Although the Garcias have failed to show that the jurisdictional issue could not have been raised in the prior proceedings, they argue that the Board's decision is a nullity since it was rendered without jurisdiction. We disagree. The Board is not a court, but it does act as a quasi-judicial body exercising appellate jurisdiction.16 In deportation matters, its scope of review extends to the law, the facts, and the exercise of discretion in a particular case. Moreover, questions involving the Board's jurisdiction are determined by the Board itself. Matter of Gamboa, 14 I & N 244 (1972).
In Mr. Garcia's case, it is undisputed that if the appeal was, in fact, timely, then the Board had subject matter jurisdiction and jurisdiction over the parties. The timeliness of the appeal was therefore the only jurisdictional issue in Mr. Garcia's case, and the reversal of the immigration judge's decision was a tacit determination by the Board that the appeal was timely. See Yanow v. Weyerhaeuser Steamship Company, 274 F.2d 274, 277 (9th Cir. 1959) (en banc), cert. denied, 362 U.S. 919, 80 S.Ct. 671, 4 L.Ed.2d 739 (1960). By the same token, we could not have sustained the Board's reversal of the immigration judge if the Board had lacked jurisdiction to do so. The timeliness of the appeal could have been but was not questioned in Mr. Garcia's petition for review. Hence, neither the decision of the Board nor that of this Court is now subject to collateral attack on that basis.17 Neither the Board's decision, nor that of this Court sustaining it, whether erroneous or not, is a nullity. See Yanow, 274 F.2d at 279-80. See also Chicot County Drainage District v. Baxter State Bank, 308 U.S. 371, 376-78, 60 S.Ct. 317, 319-20, 84 L.Ed. 329, 333-35 (1939); United States v. Utah Construction and Mining Co., 384 U.S. 394, 422, 86 S.Ct. 1545, 1560, 16 L.Ed.2d 642, 660 (1966).

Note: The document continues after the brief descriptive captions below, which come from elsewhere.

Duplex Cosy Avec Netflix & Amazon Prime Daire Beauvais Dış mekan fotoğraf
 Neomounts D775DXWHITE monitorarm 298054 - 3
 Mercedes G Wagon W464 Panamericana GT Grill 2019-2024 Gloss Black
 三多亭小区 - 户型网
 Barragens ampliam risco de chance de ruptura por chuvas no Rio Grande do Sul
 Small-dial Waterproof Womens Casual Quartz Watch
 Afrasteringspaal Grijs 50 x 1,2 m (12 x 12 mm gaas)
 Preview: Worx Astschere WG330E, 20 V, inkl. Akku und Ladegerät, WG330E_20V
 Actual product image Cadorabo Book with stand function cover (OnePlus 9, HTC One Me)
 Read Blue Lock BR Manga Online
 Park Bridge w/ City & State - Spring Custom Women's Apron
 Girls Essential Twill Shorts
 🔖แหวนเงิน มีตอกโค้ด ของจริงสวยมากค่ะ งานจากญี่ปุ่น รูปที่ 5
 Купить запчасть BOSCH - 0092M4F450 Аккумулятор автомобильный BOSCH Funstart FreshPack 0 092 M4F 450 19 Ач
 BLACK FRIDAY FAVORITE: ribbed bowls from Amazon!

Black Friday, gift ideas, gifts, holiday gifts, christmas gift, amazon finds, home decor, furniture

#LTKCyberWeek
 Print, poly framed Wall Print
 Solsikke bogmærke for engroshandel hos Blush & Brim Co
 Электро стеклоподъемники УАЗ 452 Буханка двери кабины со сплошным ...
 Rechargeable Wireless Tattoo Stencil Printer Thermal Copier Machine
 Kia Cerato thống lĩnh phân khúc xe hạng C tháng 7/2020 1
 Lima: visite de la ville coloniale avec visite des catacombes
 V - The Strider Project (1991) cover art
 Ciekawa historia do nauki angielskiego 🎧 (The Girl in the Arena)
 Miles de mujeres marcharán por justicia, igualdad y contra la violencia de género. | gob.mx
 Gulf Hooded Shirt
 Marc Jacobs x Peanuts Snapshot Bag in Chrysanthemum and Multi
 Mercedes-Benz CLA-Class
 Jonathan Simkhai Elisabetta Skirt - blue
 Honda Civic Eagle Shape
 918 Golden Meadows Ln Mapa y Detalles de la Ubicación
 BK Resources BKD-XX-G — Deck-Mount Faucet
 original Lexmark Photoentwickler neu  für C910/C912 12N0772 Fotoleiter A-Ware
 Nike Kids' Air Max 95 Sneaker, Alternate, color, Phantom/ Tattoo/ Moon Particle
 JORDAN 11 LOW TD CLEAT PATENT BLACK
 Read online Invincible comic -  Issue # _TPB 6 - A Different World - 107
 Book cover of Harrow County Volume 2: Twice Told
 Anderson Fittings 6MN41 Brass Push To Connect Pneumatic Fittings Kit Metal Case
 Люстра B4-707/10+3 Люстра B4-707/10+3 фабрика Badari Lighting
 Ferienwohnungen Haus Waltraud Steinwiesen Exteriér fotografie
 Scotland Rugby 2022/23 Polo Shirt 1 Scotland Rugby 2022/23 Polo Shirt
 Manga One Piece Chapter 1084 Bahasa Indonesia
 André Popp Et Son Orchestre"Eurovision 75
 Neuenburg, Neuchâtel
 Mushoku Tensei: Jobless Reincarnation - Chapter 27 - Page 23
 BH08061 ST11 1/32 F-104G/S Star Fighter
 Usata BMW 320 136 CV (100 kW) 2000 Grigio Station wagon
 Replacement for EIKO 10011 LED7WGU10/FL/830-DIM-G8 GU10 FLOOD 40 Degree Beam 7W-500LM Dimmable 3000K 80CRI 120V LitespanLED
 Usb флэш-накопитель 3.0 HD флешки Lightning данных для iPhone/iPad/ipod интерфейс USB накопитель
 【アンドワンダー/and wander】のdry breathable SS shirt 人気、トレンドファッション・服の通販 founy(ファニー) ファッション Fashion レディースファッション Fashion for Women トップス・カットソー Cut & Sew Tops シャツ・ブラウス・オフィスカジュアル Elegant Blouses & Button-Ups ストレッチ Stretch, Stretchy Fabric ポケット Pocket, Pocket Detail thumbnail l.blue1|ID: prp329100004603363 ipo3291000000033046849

The next ground concerns the Garcias' argument that the commingling of functions within the INS during the pendency of Mr. Garcia's deportation proceedings deprived him of due process of law. The Garcias argue that the limited scope of the prior proceedings prevented Mr. Garcia from making an evidentiary record on which to base his claim of a denial of due process. Except where a genuine issue of material fact as to a petitioner's nationality is presented, a petition for review of a deportation order shall be determined solely upon the administrative record on which the deportation order is based. 8 U.S.C. Sec. 1105a(a)(4). A court of appeals, therefore, reviews the administrative record only and will not conduct a de novo hearing on matters which could have been considered in the administrative proceedings, but were not. Where, however, alleged unfairness is extrinsic to the record, a court of appeals may remand the case to the agency for further inquiry and findings. 28 U.S.C. Sec. 2347(c);18 Fleurinor v. Immigration and Naturalization Service, 585 F.2d 129, 132 (5th Cir. 1978); Martinez de Mendoza v. Immigration and Naturalization Service, 567 F.2d 1222, 1225 (3d Cir. 1977). See 2 Gordon & Rosenfield, Immigration Law & Procedure, Sec. 8.9Ah at 8-93 (1982). Mr. Garcia made no such request in his prior petition for review. Moreover, the Garcias concede that they have long been aware of the commingling of functions and the lack of procedural safeguards within the INS, and that the essential facts which they claim tend to establish a violation of due process were known to them at the time of prior review.19 Although they are correct in saying that the Board cannot entertain an attack on the constitutionality of the statutes it administers, Matter of L, 4 I & N 556 (1951), or on the validity of the regulations which govern its existence and operation, Matter of Tzimon, 10 I & N 101 (1962), the Garcias do not make such challenges.20 Their complaint is that procedural errors committed by the INS during the pendency of the deportation proceedings deprived Mr. Garcia of a fair hearing. These matters could have been considered by the Board and by this Court on the prior review.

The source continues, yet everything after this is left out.